Ainsi, si les contrôles étaient fréquents, certains contrôles étaient quand même plus poussés que d'autres : la fonction d'agent de liaison générait une forme d'angoisse bien présente. D'autant plus que les incidents ne sont pas toujours aussi légers. En effet, Henri Moura nous a raconté un deuxième événement qui lui est arrivé alors qu'il transmettait la nuit un télégramme à une famille qui vivait sur la route de Revel, alors fermée par des chevaux de frise.

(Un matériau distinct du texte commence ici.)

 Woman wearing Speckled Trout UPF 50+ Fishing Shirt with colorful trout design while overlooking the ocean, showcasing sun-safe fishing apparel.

« J'ai écarté les chevaux de frise mais je ne suis pas allé loin. Mon vélo a disparu, j'ai été empoigné contre un arbre avec une baïonnette qui me chatouillait le nombril. Ça baragouinait en allemand, donc je n'ai rien compris. Tout d'un coup, j'ai reçu un coup, je suis tombé et ils m'ont frappé à coup de crosse dans les côtes et j'ai eu mal très longtemps. J'avais donc 16 ans mais je pleurais comme un bébé. ». Le lendemain, Henri Moura est convoqué au bureau du patron de la poste. Là, un officier allemand l'attendait et lui dit : « Dorénavant, quoi qu'il arrive, quelle que soit l'importance du texte du télégramme, la distribution ne doit pas être assurée dans la zone fermée. Vous savez, vous avez eu de la chance car mes soldats n'ont pas fait leur boulot : ils auraient dû faire des sommations et tirer ensuite. Ils ont dû voir que vous étiez un gamin avec leur énormes torches, et ils ont fait le contraire de ce qu'ils devaient faire ».

Ainsi, le métier d'agent de liaison était dangereux. En effet, cette activité impliquait une multiplication des contrôles par les autorités d'occupation. Si certains se passaient plutôt bien, d'autres pouvaient se passer très mal. Cependant, malgré ces mauvaises expériences, Henri Moura a continué de servir la Résistance en tant que « courrier ».

 

Conclusion

 

     Ainsi, à l'époque, la Résistance était une notion floue. La nécessité du secret entraînait la dissociation des membres afin de garantir une confidentialité maximale. Peu à peu, les petits groupes épars se sont regroupés pour former des réseaux d'ampleurs départementales ou nationales, notamment grâce à une amélioration des communications liée au recrutement d'agents de liaison par les membres de la hiérarchie. Voilà comment se construit une organisation performante, permettant de réaliser de nombreuses actions résistantes (information, évasion...) et d'optimiser l'efficacité des maquisards.